I usually give them a swimming lesson/test in a bucket or barrel....haven't had one pass the test yet!


----------



## nap (Dec 4, 2007)

WillK said:


> Why didn't I think of that... I have available to use my choice of roofing or framing nailer.


Um, I wasn't thinking of the nail holes in the rat itself but if you have a nailer, sure would do the trick. I think the roofing nailer would be the choice of the pro's. You don't need that much penetration and the large head on the nail would prevent the nail from acting like a missile and shooting clear through.


----------



## Bud Cline (Mar 12, 2006)

The trouble with poisoning rodents is that it takes a while for them to die. They could easily die within the walls or attic of your structure (no one knows where) and then they would stink for weeks on end. Decaying rodents put-off a disgusting odor.

In the case of the Tupperware mouse you could have just flushed the little devil down the toilet and been done with him/her.

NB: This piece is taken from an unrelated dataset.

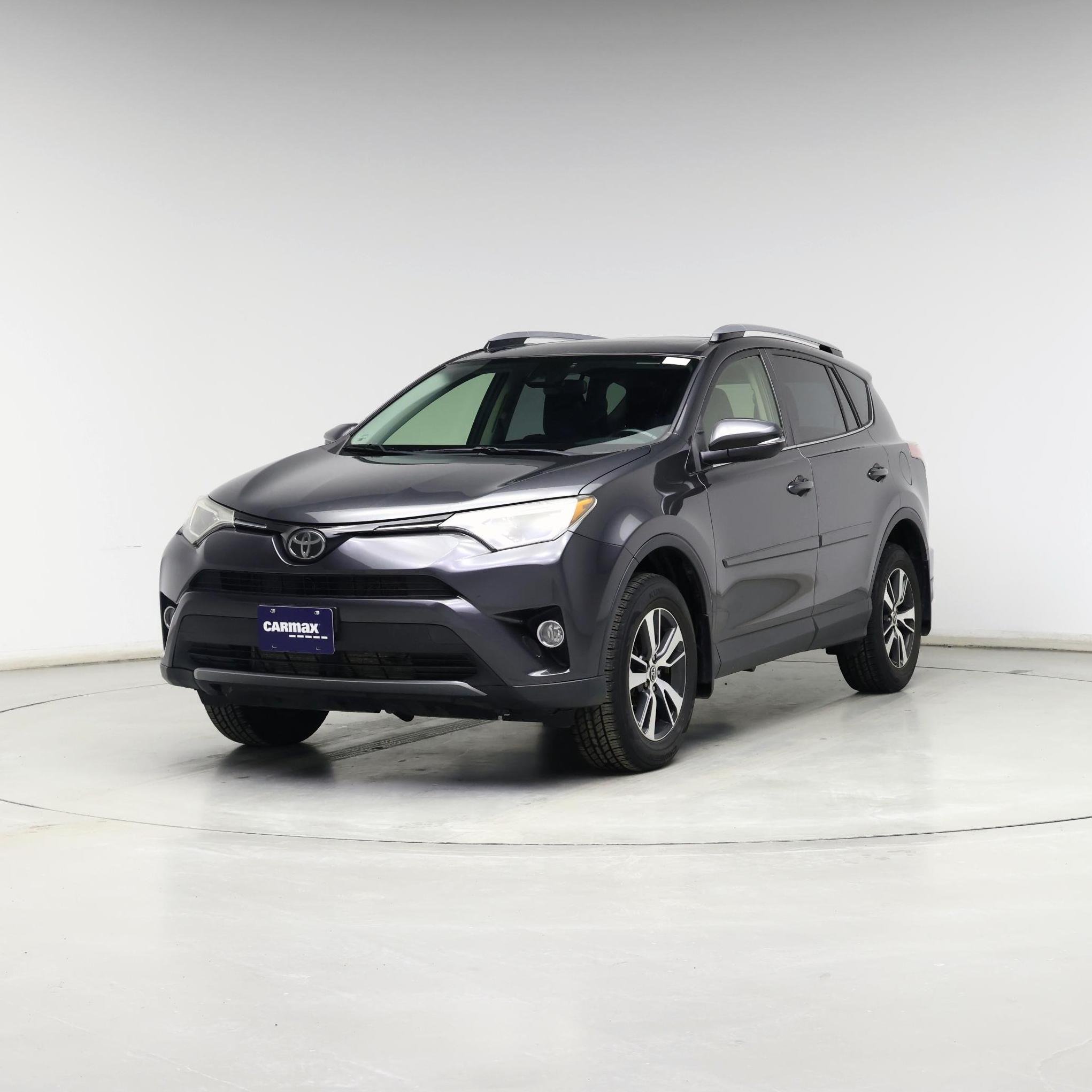 Thumbnail: 2017 Toyota RAV4 - 4
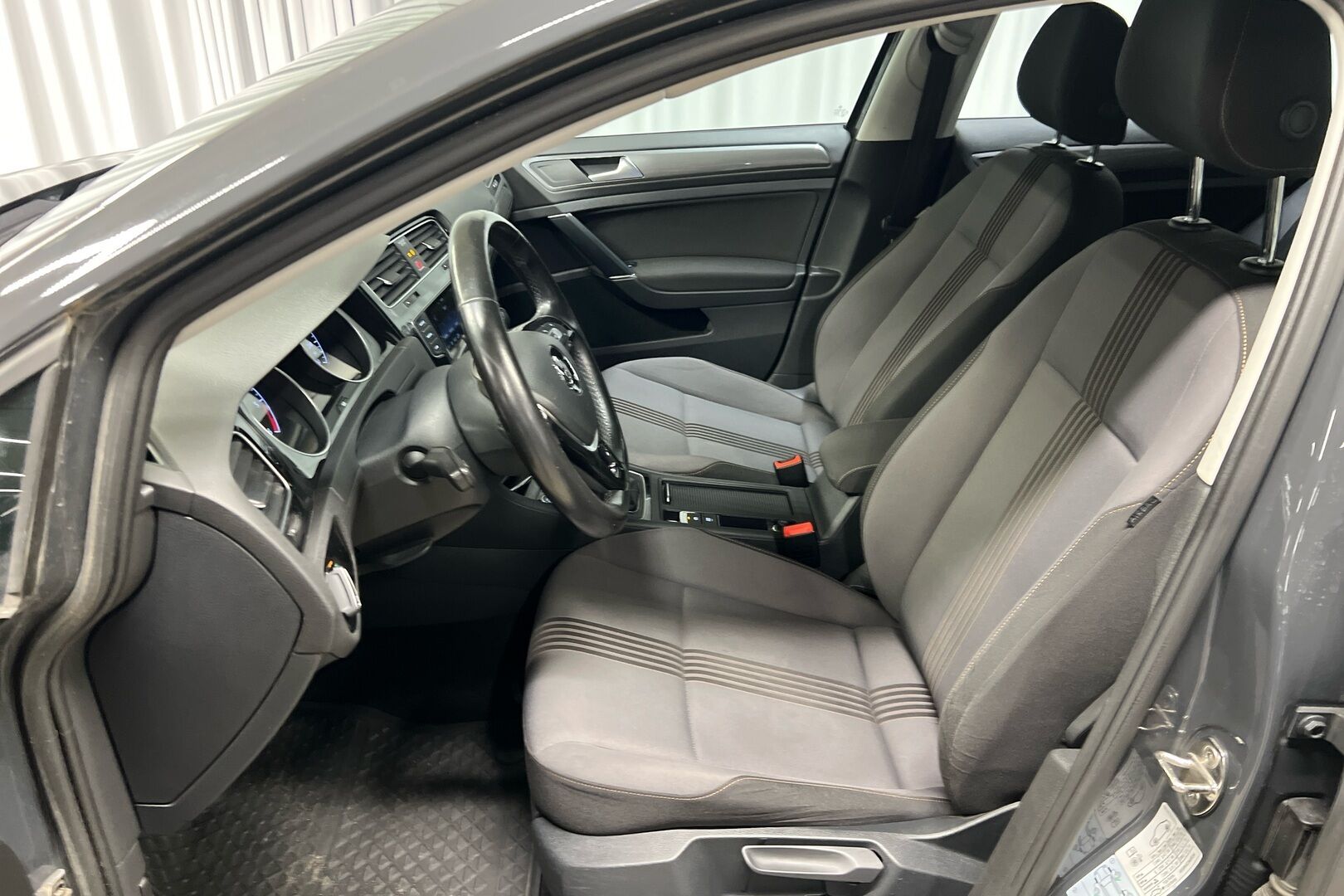 Volkswagen Golf iso kuva 7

I would prefer traps over poison any day.


----------



## WillK (Aug 29, 2010)

Heh.. my luck, flushing a rat would coincide with a batch of mud from the collapsed pipe blocking the sewer line resulting in the rat backflushing right back into the crawl space! One of many thing which are on the to-do list with a strong preference to wait until next spring or summer.


----------



## COBRA90GT (Apr 5, 2009)

piste said:


> I usually give them a swimming lesson/test in a bucket or barrel....haven't had one pass the test yet!


 
5 gallon buckets have _many_ purposes... :laughing: I prefer a good 'ol shovel to the noggin though. :thumbup:


----------